Alimentación
Come lo que te apetezca
El título de esta columna dedicada a la nutrición parafrasea y modifica el lema de la jocosa Abadía que inventase Rabelais en su crónica de las travesuras de Gargantúa y Pantagruel. Haz lo que quieras, rezaba el original. El monje franciscano, luego benedictino y siempre libertino, además de erasmista confeso, que escribió esa obra, lo hizo para ridiculizar los excesos represivos de las religiones de su época. Todas ellas predicaban la abstinencia, de igual modo que lo hace en estos días esa nueva religión monoteísta que somete el apetito a odiosas dietas para adelgazar o para prevenir la sombría amenaza de mil y una enfermedades. No digo ya que, a veces, y sólo en su justa medida, no lo hagan, pero aún más seguro estoy de que reprimir a rajatabla los impulsos es algo que daña seriamente la salud. Pondré un ejemplo: si yo, en una calurosa tarde de estío, paso delante de una heladería y se me hace la boca agua pensando en lo que allí despachan, más vale, por sabedor que sea del peligro inherente al azúcar, la leche, los colorantes y otras sustancias nocivas que los helados contienen, que ceda a la tentación y me permita un capricho. Ayer, sin ir más lejos, me pilló en la calle un amigo de ésos que siguen al pie de la letra las normas del catecismo nutricionista y se quedó literalmente helado, valga el retruécano, al ver que yo paladeaba con evidente fruición dos hermosas bolas de helado de limón y de coco plantadas en la cúspide de un no menos hermoso cucurucho de barquillo. Debo decir en su descargo que no me riñó. Se limitó a manifestar su asombro. «¿Tú», me dijo, «que escribiste Shangri-La, ese evangelio del elixir de la eterna juventud, tomándote nada menos que un helado?». Esbocé una sonrisilla de circunstancias, miré de reojo a la bonita chica que me acompañaba y descargué sobre su conciencia, como Adán lo hizo sobre la de Eva, el peso del pecado cometido. «Es que a ella le apetecía», dije.

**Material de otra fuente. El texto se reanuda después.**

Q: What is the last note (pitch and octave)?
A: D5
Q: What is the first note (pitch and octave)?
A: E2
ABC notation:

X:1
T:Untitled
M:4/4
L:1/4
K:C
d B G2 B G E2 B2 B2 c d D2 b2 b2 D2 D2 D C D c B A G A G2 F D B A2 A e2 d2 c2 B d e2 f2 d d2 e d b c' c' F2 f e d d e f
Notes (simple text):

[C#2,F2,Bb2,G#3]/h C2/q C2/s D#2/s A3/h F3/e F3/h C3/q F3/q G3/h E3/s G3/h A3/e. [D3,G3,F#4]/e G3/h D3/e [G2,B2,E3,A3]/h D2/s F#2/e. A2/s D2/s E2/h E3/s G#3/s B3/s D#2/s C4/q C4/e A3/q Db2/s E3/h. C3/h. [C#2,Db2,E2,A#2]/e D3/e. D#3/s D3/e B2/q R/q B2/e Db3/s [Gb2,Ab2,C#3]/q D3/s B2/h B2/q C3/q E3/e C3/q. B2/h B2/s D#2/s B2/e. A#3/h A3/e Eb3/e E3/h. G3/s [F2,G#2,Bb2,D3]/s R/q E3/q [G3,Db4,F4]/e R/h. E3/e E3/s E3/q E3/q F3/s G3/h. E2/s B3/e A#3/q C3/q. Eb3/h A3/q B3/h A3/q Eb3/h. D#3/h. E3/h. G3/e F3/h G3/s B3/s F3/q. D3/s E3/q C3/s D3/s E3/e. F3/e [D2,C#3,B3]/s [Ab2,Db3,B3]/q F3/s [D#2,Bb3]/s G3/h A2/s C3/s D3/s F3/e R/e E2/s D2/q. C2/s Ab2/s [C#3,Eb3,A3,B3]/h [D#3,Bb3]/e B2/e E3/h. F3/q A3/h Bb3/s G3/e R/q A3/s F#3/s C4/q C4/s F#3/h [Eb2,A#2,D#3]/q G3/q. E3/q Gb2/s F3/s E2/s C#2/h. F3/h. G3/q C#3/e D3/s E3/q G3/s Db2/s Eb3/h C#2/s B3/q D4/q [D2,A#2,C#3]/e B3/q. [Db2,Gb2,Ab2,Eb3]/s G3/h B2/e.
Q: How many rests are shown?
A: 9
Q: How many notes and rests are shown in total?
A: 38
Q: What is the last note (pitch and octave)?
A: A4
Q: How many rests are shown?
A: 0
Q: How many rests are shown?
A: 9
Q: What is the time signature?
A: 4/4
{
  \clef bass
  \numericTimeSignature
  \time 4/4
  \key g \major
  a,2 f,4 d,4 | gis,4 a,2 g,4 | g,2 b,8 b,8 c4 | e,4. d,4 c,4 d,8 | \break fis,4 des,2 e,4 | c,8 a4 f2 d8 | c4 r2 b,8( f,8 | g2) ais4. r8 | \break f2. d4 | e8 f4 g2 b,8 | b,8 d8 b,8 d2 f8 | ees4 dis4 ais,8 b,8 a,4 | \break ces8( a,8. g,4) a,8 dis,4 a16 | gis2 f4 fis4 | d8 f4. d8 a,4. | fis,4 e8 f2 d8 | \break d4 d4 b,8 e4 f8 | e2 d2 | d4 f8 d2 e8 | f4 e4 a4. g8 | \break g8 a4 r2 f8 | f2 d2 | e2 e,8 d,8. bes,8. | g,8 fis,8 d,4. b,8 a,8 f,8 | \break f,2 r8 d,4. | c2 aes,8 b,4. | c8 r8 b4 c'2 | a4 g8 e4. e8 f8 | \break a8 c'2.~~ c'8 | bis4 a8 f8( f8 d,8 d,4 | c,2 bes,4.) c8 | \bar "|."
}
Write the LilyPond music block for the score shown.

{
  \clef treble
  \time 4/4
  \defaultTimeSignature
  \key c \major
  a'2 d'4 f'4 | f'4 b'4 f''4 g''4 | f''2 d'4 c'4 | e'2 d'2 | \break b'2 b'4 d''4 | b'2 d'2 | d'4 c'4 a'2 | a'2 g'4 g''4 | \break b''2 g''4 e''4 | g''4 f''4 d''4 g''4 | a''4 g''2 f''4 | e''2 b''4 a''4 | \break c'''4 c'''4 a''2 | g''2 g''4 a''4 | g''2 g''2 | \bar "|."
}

Y le aticé otro buen lengüetazo a lo poco que quedaba del manjar. Perdóneme el lector la insolencia, si la hubiere, de incluir tan pecaminosa confesión en el texto de una columna dedicada a la salud. ¡Pero qué diantre! Convencido estoy de que los helados no son buenos para ésta, pero peor aún es rabiar por no hacer lo que nos pide el alma. Eso requema y consume. La libertad es una panacea. Decía Rabelais que lo propio del hombre es reír. De acuerdo. Come, lector, lo que te apetezca y ríase la gente.